Monday, April 5, 2010

October 8

“Our veiled and terrible guest (trouble) brings for us, if we accept it, the boon of fortitude, patience, self-control, wisdom, sympathy, faith. If we reject that, then we find in our hands the other gift, - cowardice, weakness, isolation, despair. If your trouble seems to have in it no other possibility of good, at least set yourself to bear it like a man. Let none of its weight come on other shoulders. Try to carry it so that no one shall even see it. Though your heart be sad within, let cheer go out from you to others. Meet them with a kindly presence, considerate words, helpful acts.”

G. S. MERRIAM

“I think that the retrospect of sorrow is, with most persons, not very sorrowful. They see that sorrow is the great chastener.”

Sir A. HELPS

“Sorrow seems sent for our instruction, as we darken the cages of birds when we would teach them to sing.”

RICHTER

October 7

“There are no times in life when opportunity, the chance to be and do, gathers so richly about the soul as when it has to suffer. Then everything depends on whether the man turns to the lower or the higher helps. If he resorts to mere expedients and tricks, the opportunity is lost.
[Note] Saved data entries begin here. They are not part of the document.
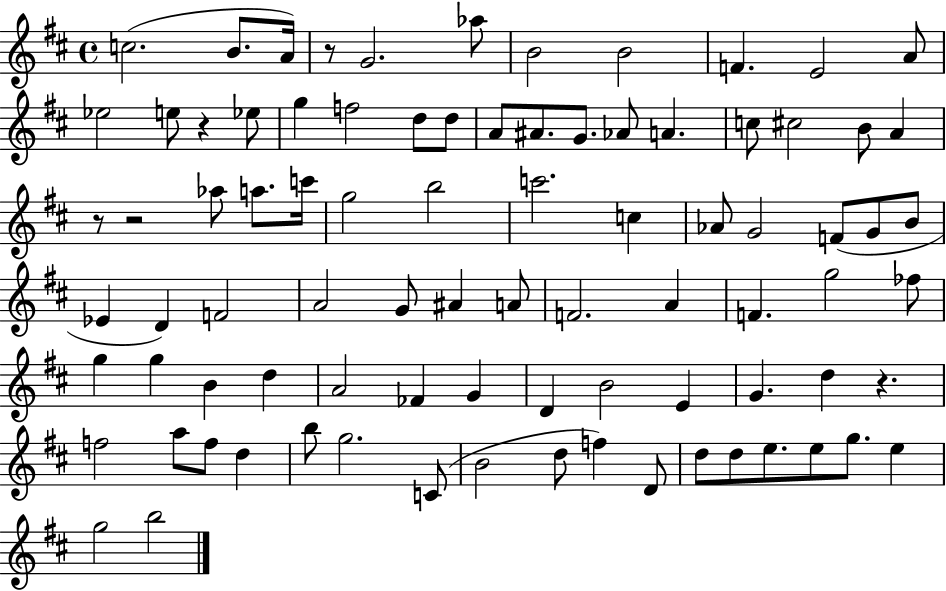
{
  \clef treble
  \time 4/4
  \defaultTimeSignature
  \key d \major
  c''2.( b'8. a'16) | r8 g'2. aes''8 | b'2 b'2 | f'4. e'2 a'8 | \break ees''2 e''8 r4 ees''8 | g''4 f''2 d''8 d''8 | a'8 ais'8. g'8. aes'8 a'4. | c''8 cis''2 b'8 a'4 | \break r8 r2 aes''8 a''8. c'''16 | g''2 b''2 | c'''2. c''4 | aes'8 g'2 f'8( g'8 b'8 | \break ees'4 d'4) f'2 | a'2 g'8 ais'4 a'8 | f'2. a'4 | f'4. g''2 fes''8 | \break g''4 g''4 b'4 d''4 | a'2 fes'4 g'4 | d'4 b'2 e'4 | g'4. d''4 r4. | \break f''2 a''8 f''8 d''4 | b''8 g''2. c'8( | b'2 d''8 f''4) d'8 | d''8 d''8 e''8. e''8 g''8. e''4 | \break g''2 b''2 | \bar "|."
}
He comes out no richer or greater; nay, he comes out harder, poorer, smaller for his pain. But if he turns to God, the hour of suffering is the truning hour of his life. Opportunity opens before him as the ocean opens before one who sails out of a river. Men have done the best and the worst, the noblest and the basest things the world has seen, under the pressure of excessive pain. Everything depended on whether they looked to the depths or the hills for help.”

PHILLIPS BROOKS

“Let us take heed in time
That God may now be glorified in us;
And while we suffer, let us set our souls
To suffer perfectly; since this alone,
The suffering which is this world’s special grace,
May here be perfected and left behind.”

E. H. KING

October 6

“I beg you, my dear friend, whatever be your suffering, to learn first of all that not to take your sorrow off, is what God means, but to put strength into you that you may carry it. Be sure your sorrow is not giving you its best, unless it makes you a more thoughtful person than you have ever been before.”

PHILLIPS BROOKS

“Measure thy life by loss instead of gain.
Not by the wine drunk, but by the wine poured forth;
For love’s strength stands in loves sacrifice,
And whoso suffers most has most to give.
. . . . . . . . . . .
How poor were earth if all its martydoms,
If all its struggling sighs of sacrifice
Were swept away, and all were satiate-smooth;
. . . . . . . . . . .
What we win and hold is through some strife.”

E. H. KING

October 5

“From every sorrow you receive in a spirit of Christian resignation, from every pain you bear patiently, from every great trial you bravely meet, there silently passes to those about you strength, and comfort, and encouragement.”

S. A. SMITH

“Oh, fear not in a world like this,
And thou shalt know ere long,
Know how sublime a thing it is
To suffer and be strong.”

LONGFELLOW

“There are in this world blessed souls whose sorrows spring up into joys for others; whose earthly hopes, laid in the grave with many tears, form the seed whence spring healing flowers and balm for the desolate and the afflicted.”